Rombongan Wisatawan Belanda Gagal Mengintip Gedung Heritage Di Kota Lama Surabaya.

Wisata

Rajapatni.com: SURABAYA – Sebanyak 10 Wisatawan Belanda menapak jejak peradaban Kampung Eropa di Kota Lama Surabaya. Usia mereka boleh senja, namun semangat tetap muda. Mulai lah mereka menapak dari titik jembatan legendaris Jembatan Merah (Roode Brug) lalu menyusuri jalan dengan cahaya mentari yang menerpa facade gedung gedung tua, yang berdiri di barat Jalan Jembatan Merah, cerah dengan langit biru yang alami.
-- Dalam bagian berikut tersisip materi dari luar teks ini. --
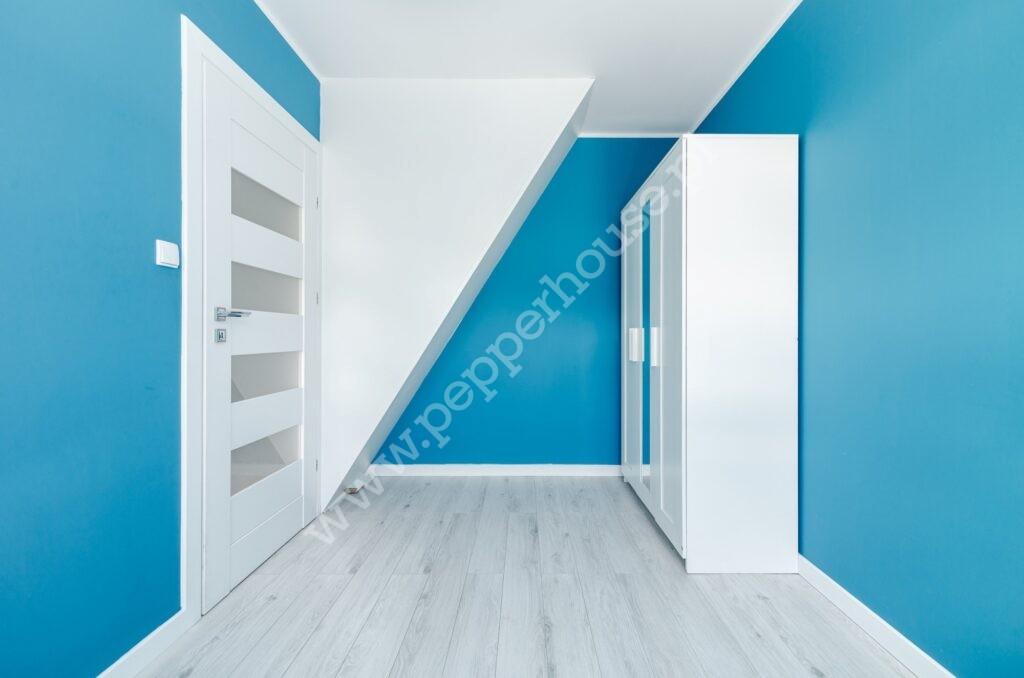 , pomorskie, Rumia, Jachtowa - listing photo no. 7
Rombongan, yang dipandu oleh kurator terkenal di Belanda Frans Leidelmeijer, mulai menyisir trotoar jalan Jembatan Merah sisi Timur sambil mengamati gedung gedung Raya nan indah di sisi barat. Persis di depan Gedung Singa, yang diarsiteki oleh H.P. Berlaga, mereka berhenti untuk mendapatkan view eksotik dari gedung paling modern di awal abad 20.

Mendekat ke Gedung Singa. Foto: nng

Setelah cukup mengamati facade gedung, mereka mendekat untuk mendapati guratan arsitektur secara detail, termasuk bahan bahan bangunan yang didatangkan dari Eropa, seperti batu batu granit dan batu bata ekspose, yang menjadikan bangunan ini bergaya modern. Tak ketinggalan sepasang patung singa “penjaga” gedung.

Dari gedung bergaya modern, mereka melihat gedung bergaya Indische di jalan Mliwis yang hingga sekarang masih memproduksi minuman lemon. Dulu bernama J.C Van Drongelen dan kini bernama Telasih. Ini the living fabriek.

Jalan Mliwis dengan gedung Gedung Indische..Foto: nng

Tidak sekedar menikmati gaya arsitektur nya, mereka juga menikmati rasa sirupnya. Ada rasa leci, ada rasa frambozen dan lainnya. Sambil melepas lelah, mereka menyeruput minuman segar dingin hasil produksi Kota Lama Surabaya.

Lorong jalan Mliwis yang eksotik ini semakin bertambah eksotik tatkala datang rombongan pesepeda dengan dandanan adat Dayak Kalimantan. Suasana dan momen ini dimanfaatkan oleh para wisatawan sebagai oleh oleh keramahtamahan dari Kota Lama.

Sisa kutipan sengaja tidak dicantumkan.